GIVEN INFORMATION:
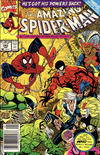Cover Thumbnail for The Amazing Spider-Man (1963 series) #343 [Mark Jewelers]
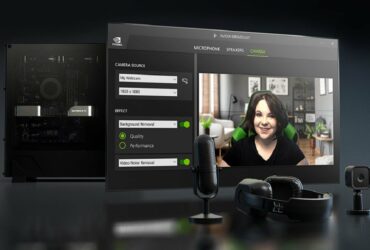 NVIDIA Broadcast: disponibile l'aggiornamento alla versione 1.3 thumbnail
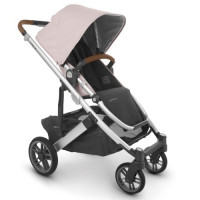 Прогулянкова коляска UPPAbaby CRUZ 2 silver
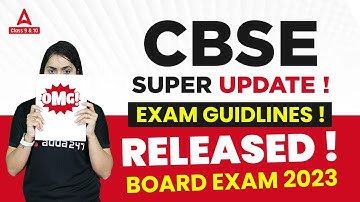 CBSE Official News- CBSE Released Exam Dates 🔥| Date Sheet | Internal Assessment  Practical Exam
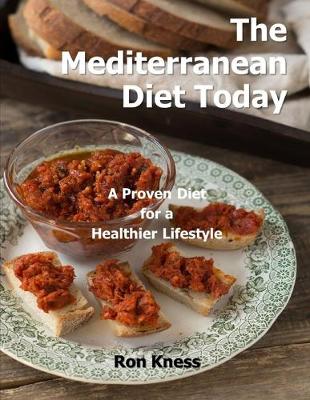 Book cover for The Mediterranean Diet Today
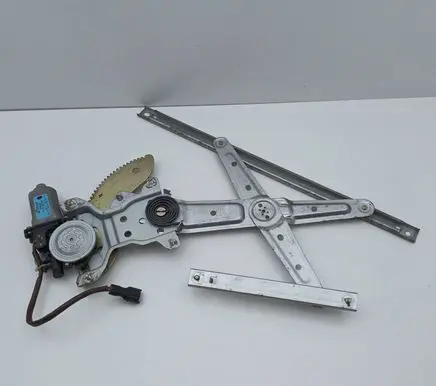 KIA Carens II Rear door window regulator with motor XH004P0 0K2FA587256Y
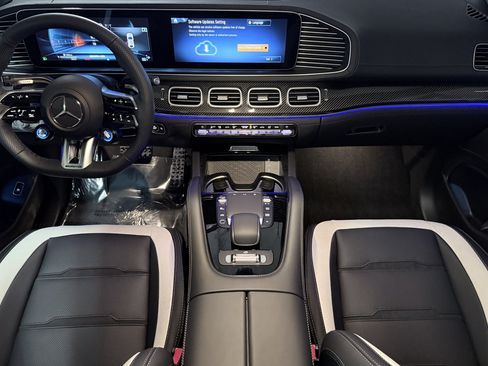 New 2026 Mercedes-Benz GLE 63 AMG S image 9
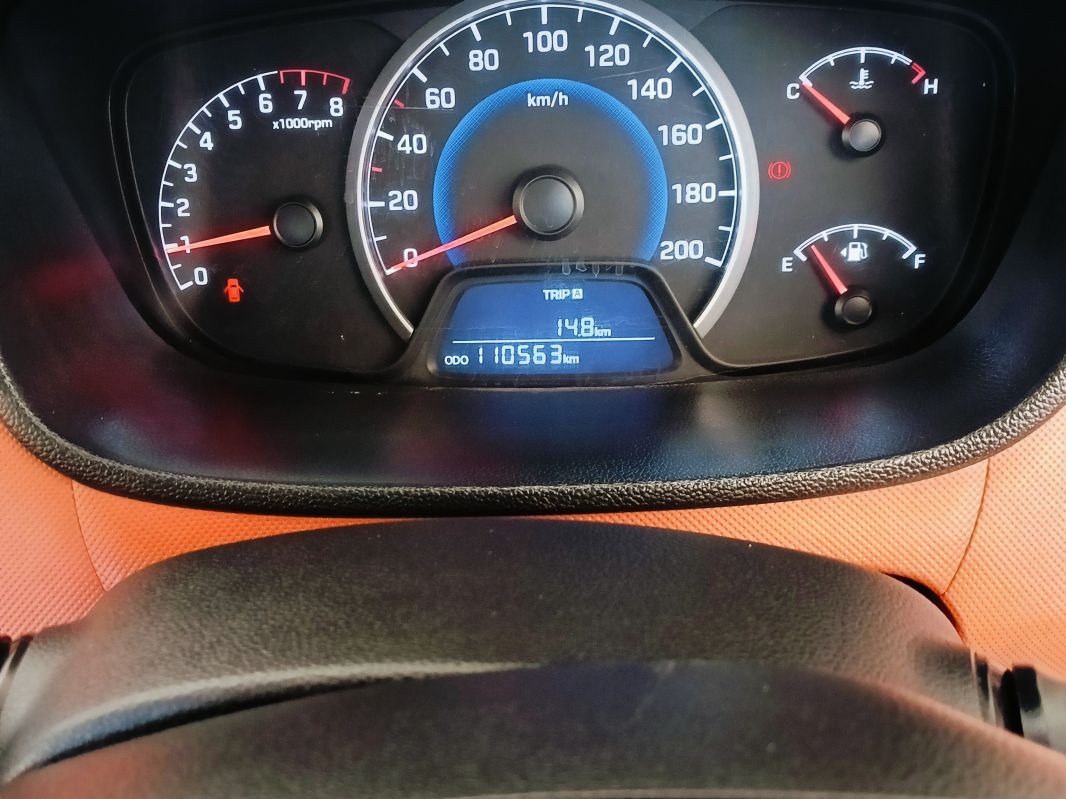Hyundai i10 Grand in Mauritius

YOUR OBJECTIVE:
With the pictures left out, copy exactly the lines above from the line containing "NVIDIA Broadcast: disponibile" through the last line of the entries.

TASK ANSWER:
 NVIDIA Broadcast: disponibile l'aggiornamento alla versione 1.3 thumbnail
 Прогулянкова коляска UPPAbaby CRUZ 2 silver
 CBSE Official News- CBSE Released Exam Dates 🔥| Date Sheet | Internal Assessment  Practical Exam
 Book cover for The Mediterranean Diet Today
 KIA Carens II Rear door window regulator with motor XH004P0 0K2FA587256Y
 New 2026 Mercedes-Benz GLE 63 AMG S image 9
Hyundai i10 Grand in Mauritius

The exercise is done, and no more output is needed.